– Sí- admitió Erin.
Lori trabajaba en el hogar número cinco y era la única que no tenía a su cuidado niños pequeños en esos momentos. Necesitaban su ayuda, pero Erin no podía concentrarse.
Wendy se dio cuenta. Se acercó a ella y le dio un abrazo como el que Luke le estaba dando a Michael. Estuvo un rato sin soltarla, con Tess en medio. Pero a la niña no pareció importarle.
– Entre tú y Matt los habéis sacado a todos- comentó. ¡Gracias a Dios que estáis bien!.
– Los gemelos…seguro que hicieron algo- dijo Erin, temblando.
Matt, viéndola abrazada a su amiga, sintió el impulso de levantarse y consolarla. También él tenía ganas de abrazarla. Lo cual era una locura. Tomó su mascarilla de oxígeno y respiró dos veces.
– He estado pensando que, como Tess y Michael iban a quedarse aquí hasta que su madre saliera del hospital este fin de semana, Luke y yo podremos hacernos cargo de ellos hasta entonces. Los niños nos conoces, además.
La madre de Tess y Michael estaba sola y sufría de asma. Era hospitalizada con frecuencia y los niños eran visitantes asiduos de los hogares. Erin sabía que con Wendy los pequeños estarían bien, pero…

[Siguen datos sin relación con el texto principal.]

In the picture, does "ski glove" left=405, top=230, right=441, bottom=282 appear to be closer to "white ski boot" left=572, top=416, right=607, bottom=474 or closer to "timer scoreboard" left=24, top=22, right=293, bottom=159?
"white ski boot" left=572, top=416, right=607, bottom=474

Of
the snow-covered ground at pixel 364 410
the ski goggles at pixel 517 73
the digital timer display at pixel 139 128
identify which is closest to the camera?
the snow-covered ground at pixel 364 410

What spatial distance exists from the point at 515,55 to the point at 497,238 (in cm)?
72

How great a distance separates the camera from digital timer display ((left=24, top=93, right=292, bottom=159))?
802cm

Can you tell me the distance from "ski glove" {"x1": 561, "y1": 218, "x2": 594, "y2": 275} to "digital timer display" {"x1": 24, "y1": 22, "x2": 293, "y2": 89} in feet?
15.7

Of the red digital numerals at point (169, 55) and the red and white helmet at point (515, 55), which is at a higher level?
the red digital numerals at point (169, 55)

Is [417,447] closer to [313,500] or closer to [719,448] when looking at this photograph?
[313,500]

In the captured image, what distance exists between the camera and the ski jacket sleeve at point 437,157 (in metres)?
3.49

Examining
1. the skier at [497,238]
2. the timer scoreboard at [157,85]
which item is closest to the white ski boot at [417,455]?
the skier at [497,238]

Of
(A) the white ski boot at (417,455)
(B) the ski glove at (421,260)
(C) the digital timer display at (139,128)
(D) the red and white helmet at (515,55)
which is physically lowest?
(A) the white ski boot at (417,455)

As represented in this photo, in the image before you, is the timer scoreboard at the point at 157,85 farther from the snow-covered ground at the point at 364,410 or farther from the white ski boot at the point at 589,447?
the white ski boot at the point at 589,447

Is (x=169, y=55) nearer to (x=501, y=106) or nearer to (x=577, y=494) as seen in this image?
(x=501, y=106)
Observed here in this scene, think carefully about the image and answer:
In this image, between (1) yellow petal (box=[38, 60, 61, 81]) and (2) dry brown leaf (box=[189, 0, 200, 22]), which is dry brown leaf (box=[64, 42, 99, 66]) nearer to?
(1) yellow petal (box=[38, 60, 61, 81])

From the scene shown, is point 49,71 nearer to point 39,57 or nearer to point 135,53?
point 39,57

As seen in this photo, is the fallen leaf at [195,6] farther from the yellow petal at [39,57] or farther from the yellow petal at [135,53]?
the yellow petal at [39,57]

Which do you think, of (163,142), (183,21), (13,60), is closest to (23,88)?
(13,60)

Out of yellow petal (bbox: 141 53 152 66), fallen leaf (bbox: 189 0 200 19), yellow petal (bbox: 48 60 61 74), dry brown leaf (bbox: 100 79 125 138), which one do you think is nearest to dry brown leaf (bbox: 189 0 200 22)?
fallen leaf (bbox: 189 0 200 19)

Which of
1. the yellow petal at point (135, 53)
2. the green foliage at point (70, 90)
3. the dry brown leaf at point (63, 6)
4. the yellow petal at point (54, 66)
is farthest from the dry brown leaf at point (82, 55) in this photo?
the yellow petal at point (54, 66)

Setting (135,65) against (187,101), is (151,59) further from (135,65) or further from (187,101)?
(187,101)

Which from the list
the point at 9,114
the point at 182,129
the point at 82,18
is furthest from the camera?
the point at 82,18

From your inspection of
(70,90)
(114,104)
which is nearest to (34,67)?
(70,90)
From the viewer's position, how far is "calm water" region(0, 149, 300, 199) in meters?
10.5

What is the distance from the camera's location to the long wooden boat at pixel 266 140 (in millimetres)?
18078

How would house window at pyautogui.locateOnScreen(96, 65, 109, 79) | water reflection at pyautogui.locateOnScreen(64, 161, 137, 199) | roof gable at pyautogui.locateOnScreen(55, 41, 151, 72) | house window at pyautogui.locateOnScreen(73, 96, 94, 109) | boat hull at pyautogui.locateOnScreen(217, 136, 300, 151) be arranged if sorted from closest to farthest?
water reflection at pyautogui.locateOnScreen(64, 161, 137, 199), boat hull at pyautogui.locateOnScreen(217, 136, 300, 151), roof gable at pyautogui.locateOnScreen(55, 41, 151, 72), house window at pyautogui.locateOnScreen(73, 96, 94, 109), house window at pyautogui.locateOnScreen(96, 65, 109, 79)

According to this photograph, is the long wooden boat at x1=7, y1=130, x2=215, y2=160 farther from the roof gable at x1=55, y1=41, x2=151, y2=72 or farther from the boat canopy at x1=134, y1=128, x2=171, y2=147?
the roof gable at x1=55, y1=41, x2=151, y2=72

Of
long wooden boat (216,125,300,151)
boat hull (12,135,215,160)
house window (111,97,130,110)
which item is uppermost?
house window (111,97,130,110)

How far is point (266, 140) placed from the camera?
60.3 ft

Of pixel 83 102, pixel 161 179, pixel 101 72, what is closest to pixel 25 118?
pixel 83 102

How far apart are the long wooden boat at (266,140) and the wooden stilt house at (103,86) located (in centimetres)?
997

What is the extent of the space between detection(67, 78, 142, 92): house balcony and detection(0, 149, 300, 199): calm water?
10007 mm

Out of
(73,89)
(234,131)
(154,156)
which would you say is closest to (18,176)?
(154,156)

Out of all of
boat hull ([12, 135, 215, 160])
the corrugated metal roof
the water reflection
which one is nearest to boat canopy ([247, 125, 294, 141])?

– Todavía quedan Marigold y los gemelos.
– Tess y Michael deben estar todavía asustados- prosiguió Wendy con dulzura, dando un beso a Tess. La doctora estaba examinando a los gemelos y la pequeña estaba empezando a temblar. Necesitarán cuidados, así que creo que lo mejor que podemos hacer Luke y yo es llevárnoslos a nuestra casa. Lori dijo lo mismo. Ahora hay que pensar en el bebé y en los gemelos. Y hablando de lori…
Lori llegó en ese intante. Era una muchacha joven y vigorosa, como todas las empleadas de los hogares. Tal vez estuviera sorprendida, pero tomó las riendas de la situación en seguida.